Table 1 presents the comparison results on the test centers of both liver fibrosis staging and COVID-19 severity prediction. Our TTADC significantly improves the model performance over baseline on all test sets, with 4.6%, 3.6%, 2.7% increase in AUC, 8.5%, 10.0%, 4.0% increase in Accuracy, and 3.9%, 3.3%, 4.6% increase in OI respectively, outperforming all the comparison methods. The results validate the effectiveness of our distribution calibration and test-time adaptation on addressing arbitrary label shift. Our method clearly outperforms the domain adaptation method TENT, showing the necessity of designing approach specifically for label shift. Although not significant, Focal loss can also generally improve over baseline, indicating the alleviation of class imbalance may help reduce the effect of label shift. The other methods on tackling label shift generally outperform TENT and Focal loss. Our method and TADE which learn multiple classifiers obtain better performance than BALMS and LADE which use uniform distribution assumption, showing the importance of enlarging the model capacity for proper test-time adaptation. Our method also clearly outperforms TADE, demonstrating the combination of our one-dominating-class distributions can represent more diverse test label distributions.

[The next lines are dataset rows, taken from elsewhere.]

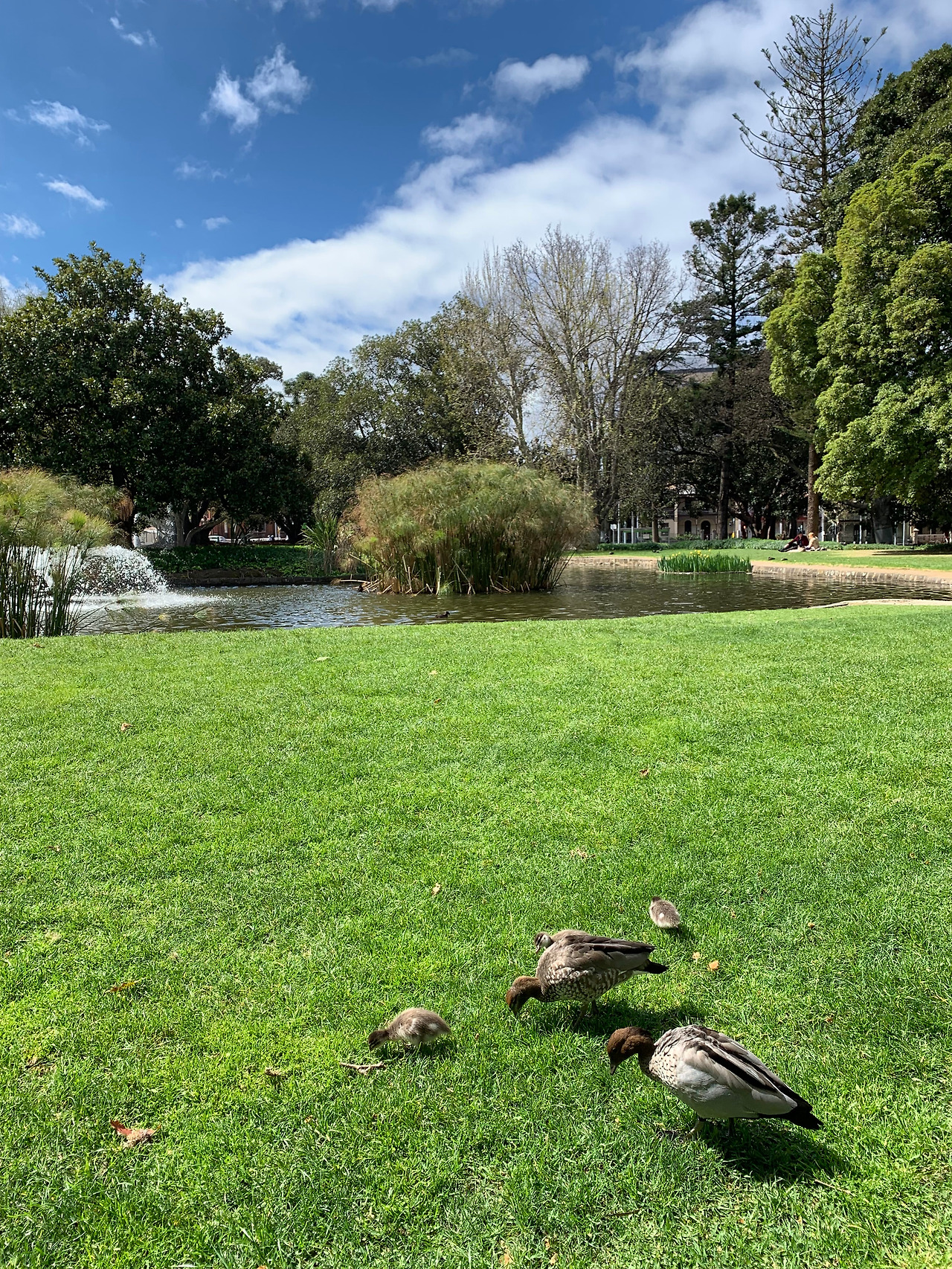 12월_호주_파파라치 (13).jpg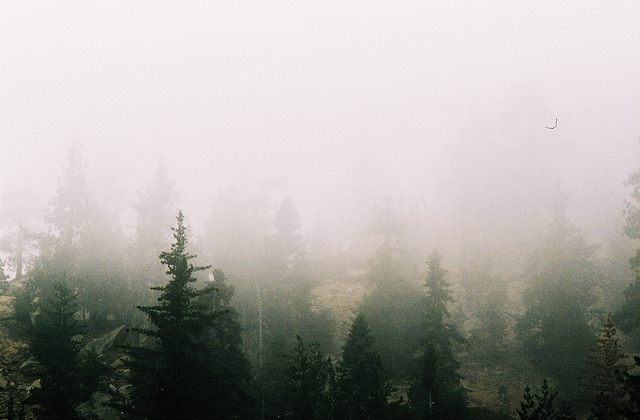 ANGELES CREST HWY by Kayla Varley on Flickr.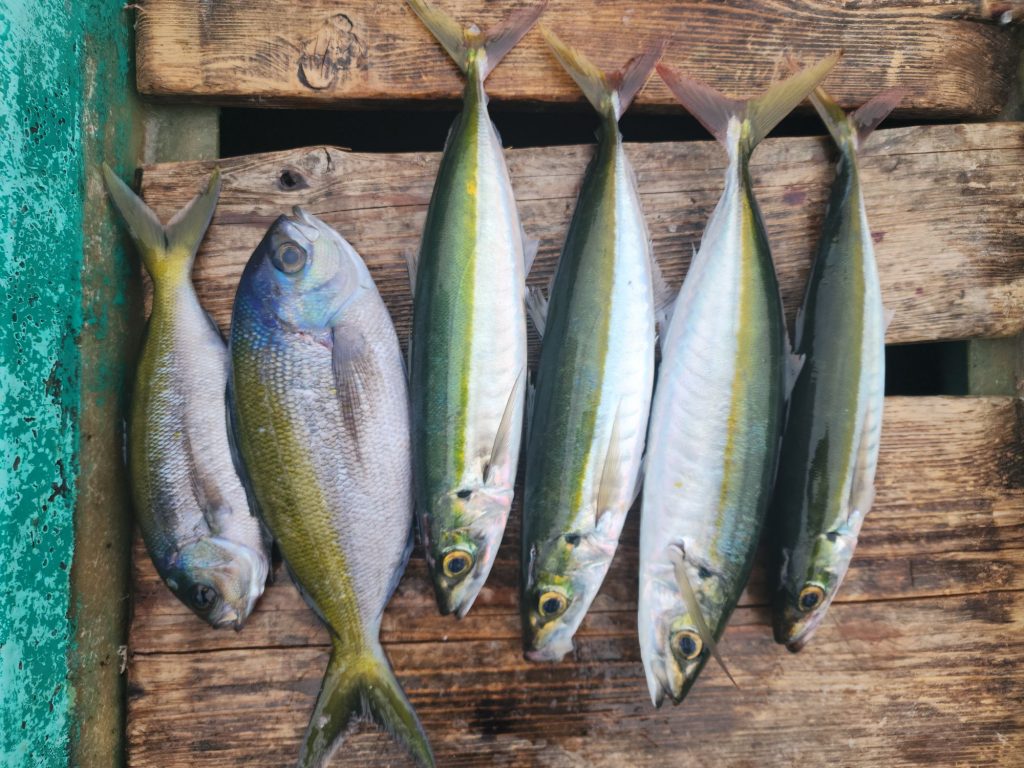 おかず釣り‼️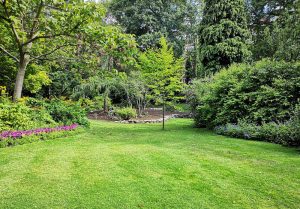 Optimiser l'expérience du jardin à Neuville-sur-Oise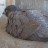 Peregrine falcon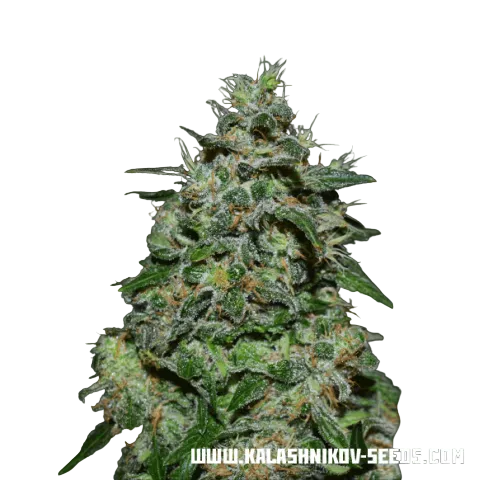 AK Kush Express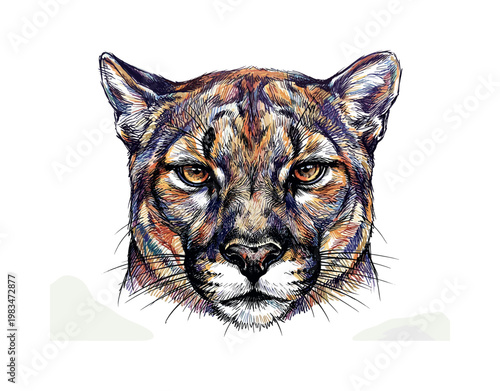 Frontal cougar head with symmetrical features and focused gaze framed by smooth fur texture and structured hatching detail,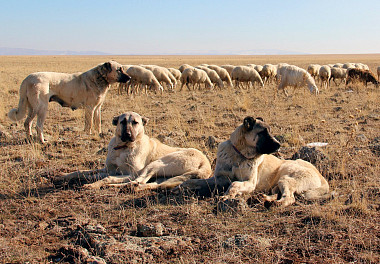 Кангал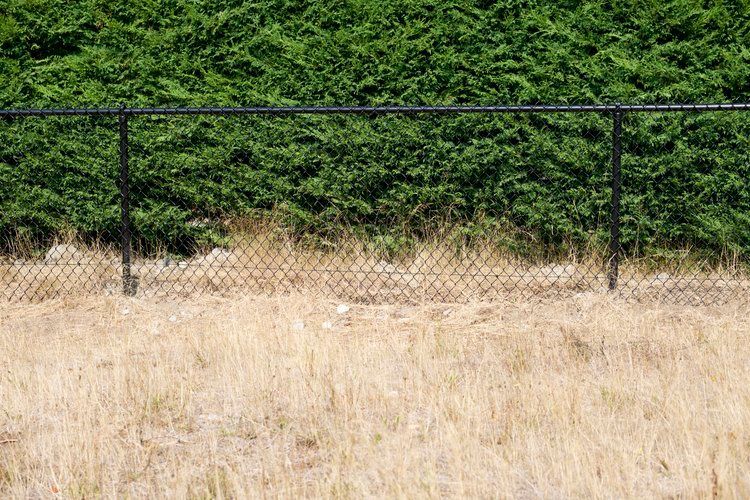 Chain Link Fences Installation Issaquah WA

Ablation Analysis. Comprehensive ablation studies have been conducted with the liver CT dataset to analyze the key ingredients regarding our TTADC. As shown in Fig. 3(a), adding only the learning distribution-calibrated classifier (LDC) or test-time adaptation (TTA) over baseline is not able to improve over baseline. This is as expected since the two key components are strongly coupled, i.e., the diverse classifiers need to be properly aggregated at test time for the unknown label distribution. In Fig. 3(b), we manually sample a few images from the training center to construct the test subsets with different one-dominating-class distributions. We can see that given the test subset with k-th class dominating other classes, the best performance comes from the k-th classifier, demonstrating that our proposed distribution calibration successfully generate classifiers that have expertise on different one-dominating-class distributions. Moreover, Fig. 3(c) compares the model performance trained with different \(\lambda \) in Eq. 3. The results show that the optimal choice of \(\lambda \) is 2.

4 Conclusion

We present, to our best knowledge, the first method to generalize deep classifiers to unknown test label distributions for medical image classification. Our methods innovates distribution calibration to learn multiple representative classifiers during training, which are then dynamically aggregated via test-time adaptation to deal with arbitrary label shift. Our method is general and experiments on two important medical diagnosis tasks demonstrate the effectiveness of our method.